She said the problem is that's not what the Legislature voted to spend the money on.

"I have some discomfort putting aside items that have been voted on to bring forward this," she said. "Sixty-three people make a decision during session. Then we come in here and start changing things? That opens us to a constitutional challenge."

Minority Leader Lynn Hettrick, R-Gardnerville, agreed saying some of the programs originally funded with that money - including a suicide prevention program in Douglas County - have gone forward and spent money believing they were going to get the money. He said it wouldn't be fair to them to pull the money back and spend it elsewhere.

Ways and Means Chairman Morse Arberry, D-Las Vegas, said he agreed with Giunchigliani and would oppose the switch despite agreeing the triage center is needed. He agreed with Giunchigliani that there have been legal questions for years about how far the interim finance committee can go in modifying legislatively approved budgets and this issue might cross that line.

Several senators including Majority Leader Bill Raggio, R-Reno, and Sen. Bob Coffin, D-Las Vegas, said they would support the swap proposed by the governor. Coffin said the need for the triage center is so critical it must receive some support.

But a majority of the Assembly members opposed the proposal and it died.

In other business interim finance committee members:

n Accepted $4.78 million in federal money to build the new state emergency operations center. Lawmakers served notice they want a detailed explanation of how the space in the new building will be used before approving more than the minimum $1.6 million in state funding for the project.

n Approved $100,000 from the state's Emergency Assistance Account to help Lincoln County pay costs of the June 2002 fire which nearly destroyed Pioche.

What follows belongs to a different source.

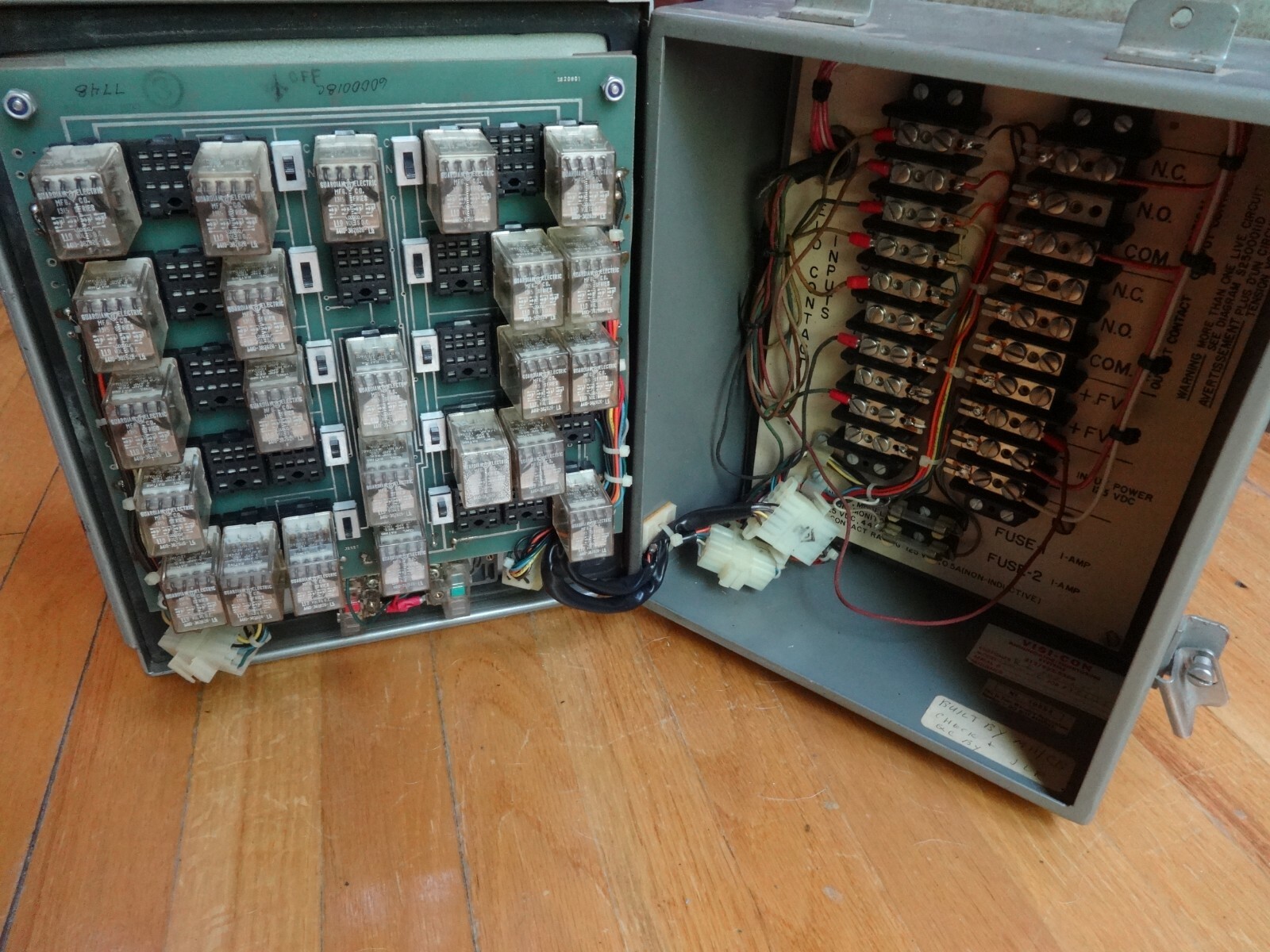 VISI CON INC LOW AIR PRESSURE CONTROLLER IN WATER PROOF JIC BOX 10X8X5 USED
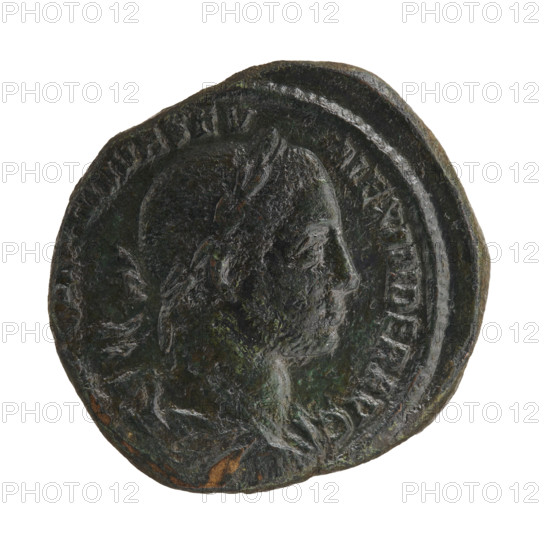 Sestertius of Alexander Severus (Roman emperor, 222–235). Obverse: Bust of Alexander Severus right, wearing a laurel wreath and paludamentum; inscription MAVRSEV ALEXANDERAVG. Reverse: Virtus standing left, right foot on the prow of a ship, holding a spear in the right hand and a parazonium in the left; inscription PMTRPVII COS II PP with marks SC on both sides. Roman, 228 CE. Coin; bronze; diameter approx. 29–32 mm; weight 24.55 g; axis 0°.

They were told the county has no ending fund balance and no way of paying for the fire's costs itself.

n Approved a $1.4 million-a-year contract with The Grow Network to report test scores required under the federal No Child Left Behind to districts, schools, teachers and parents of students being tested. The company will also provide help improving student academic achievement including curriculum improvements.

n Added $140,000 to the court battle over problems with construction of the UNLV Lied Library. State officials are fighting with contractors over what they say are serious deficiencies in the construction of the building. This cash infusion brings the total cost of the litigation so far to $608,000.